AFP/FABRICE COFFRINI

"For developing cryo-electron microscopy for the high-resolution structure determination of biomolecules in solution."

Der Mensch besteht zum größten Teil aus Wasser. Alles, was in jeder Zelle unseres Körpers passiert, geschieht in wässriger Lösung und im Nanometerbereich. Lange waren die kleinsten Einheiten des Lebens in ihrer natürlichen Umgebung nicht sicht- bzw. darstellbar.

Unter dem Kryoelektronenmikroskop wurden erstmals gefrorene Biomoleküle sichtbar. Damit können nicht nur einzelne Proteine optisch aufgelöst werden. Spielt man einzelne Standbilder wie einen Film ab, kann man Molekülen auch bei der Arbeit zusehen. Eine methodische Revolution in der Strukturbiologie. Erst kürzlich wurde beispielsweise das Zika-Virus mithilfe des preisgekrönten Verfahrens genau analysiert.

Gewinn ist nicht alles: Warum Menschen irrational handeln

Geht es ums liebe Geld, verhalten sich Menschen möglichst rational - könnte man meinen. Dass dem nicht so ist, demonstrierte der US-amerikanische Ökonom Richard H. Thaler über Jahrzehnte in seiner Forschung. Für seine Erkenntnisse erhält der Pionier der Verhaltensökonomie den Nobelpreis für Wirtschaftswissenschaften 2017.

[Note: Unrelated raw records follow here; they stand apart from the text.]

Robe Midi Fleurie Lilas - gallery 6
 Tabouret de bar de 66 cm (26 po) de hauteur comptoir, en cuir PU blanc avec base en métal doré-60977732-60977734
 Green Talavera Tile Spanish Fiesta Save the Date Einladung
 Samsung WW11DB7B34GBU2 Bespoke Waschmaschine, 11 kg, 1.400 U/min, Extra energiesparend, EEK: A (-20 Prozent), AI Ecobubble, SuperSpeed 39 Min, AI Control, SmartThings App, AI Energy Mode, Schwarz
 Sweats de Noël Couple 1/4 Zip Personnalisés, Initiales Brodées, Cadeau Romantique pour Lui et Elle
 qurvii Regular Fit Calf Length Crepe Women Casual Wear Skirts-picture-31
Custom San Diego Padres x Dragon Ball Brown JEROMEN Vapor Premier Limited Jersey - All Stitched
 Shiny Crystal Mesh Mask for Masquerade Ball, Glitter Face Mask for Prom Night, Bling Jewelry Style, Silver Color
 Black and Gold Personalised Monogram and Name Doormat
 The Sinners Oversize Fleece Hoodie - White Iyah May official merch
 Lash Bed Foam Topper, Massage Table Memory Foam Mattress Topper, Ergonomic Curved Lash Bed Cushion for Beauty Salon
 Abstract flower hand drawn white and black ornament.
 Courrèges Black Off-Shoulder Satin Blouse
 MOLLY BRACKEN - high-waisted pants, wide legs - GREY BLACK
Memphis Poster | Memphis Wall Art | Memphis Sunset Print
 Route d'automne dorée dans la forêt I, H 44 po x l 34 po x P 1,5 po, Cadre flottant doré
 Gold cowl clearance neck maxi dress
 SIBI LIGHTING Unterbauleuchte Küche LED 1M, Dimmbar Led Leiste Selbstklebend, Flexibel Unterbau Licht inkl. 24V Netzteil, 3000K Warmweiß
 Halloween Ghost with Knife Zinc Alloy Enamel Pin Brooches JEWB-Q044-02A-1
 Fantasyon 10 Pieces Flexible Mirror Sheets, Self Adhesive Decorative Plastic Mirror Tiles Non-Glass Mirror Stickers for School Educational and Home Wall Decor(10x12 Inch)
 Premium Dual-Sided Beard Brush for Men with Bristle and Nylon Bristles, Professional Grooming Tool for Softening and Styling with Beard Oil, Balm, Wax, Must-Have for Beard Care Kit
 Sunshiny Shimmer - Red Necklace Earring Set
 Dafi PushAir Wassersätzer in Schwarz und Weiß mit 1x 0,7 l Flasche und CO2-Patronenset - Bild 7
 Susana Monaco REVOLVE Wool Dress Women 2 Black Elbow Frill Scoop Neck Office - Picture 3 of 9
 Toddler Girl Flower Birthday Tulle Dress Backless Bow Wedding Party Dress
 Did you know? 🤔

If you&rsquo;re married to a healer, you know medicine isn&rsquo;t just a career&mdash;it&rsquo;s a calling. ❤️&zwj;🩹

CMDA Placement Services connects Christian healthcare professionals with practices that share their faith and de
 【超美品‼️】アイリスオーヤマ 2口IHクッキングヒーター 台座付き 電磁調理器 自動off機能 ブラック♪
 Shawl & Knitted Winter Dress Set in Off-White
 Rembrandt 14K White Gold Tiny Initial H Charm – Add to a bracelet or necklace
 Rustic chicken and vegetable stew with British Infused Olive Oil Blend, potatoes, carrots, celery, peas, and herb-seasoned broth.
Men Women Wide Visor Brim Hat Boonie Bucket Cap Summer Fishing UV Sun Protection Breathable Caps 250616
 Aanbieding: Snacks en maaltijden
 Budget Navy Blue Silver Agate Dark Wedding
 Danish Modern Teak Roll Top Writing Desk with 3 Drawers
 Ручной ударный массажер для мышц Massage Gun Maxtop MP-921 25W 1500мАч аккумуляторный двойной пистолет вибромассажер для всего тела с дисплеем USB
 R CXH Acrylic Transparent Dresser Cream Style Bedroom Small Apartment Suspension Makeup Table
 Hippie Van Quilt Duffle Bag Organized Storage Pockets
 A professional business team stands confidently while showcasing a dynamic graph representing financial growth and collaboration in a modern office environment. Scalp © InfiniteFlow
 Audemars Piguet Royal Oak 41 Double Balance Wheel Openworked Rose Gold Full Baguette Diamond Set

"For his contributions to behavioural economics."

Thaler konnte zeigen, warum sich Menschen in wirtschaftlichen Belangen nur selten so verhalten, wie herkömmliche ökonomische Theorien es prognostizieren. Weil es uns nicht ausschließlich um Gewinnmaximierung geht, agieren wir vorhersagbar irrational.

Zwei Beispiele: Während eines Regensturms die Preise für Regenschirme zu erhöhen, finden wir ungerecht und kaufen deswegen nicht. Sinken die Benzinpreise, sparen manche Autofahrer/innen kein Geld, sondern geben es für teureres Premiumbenzin aus.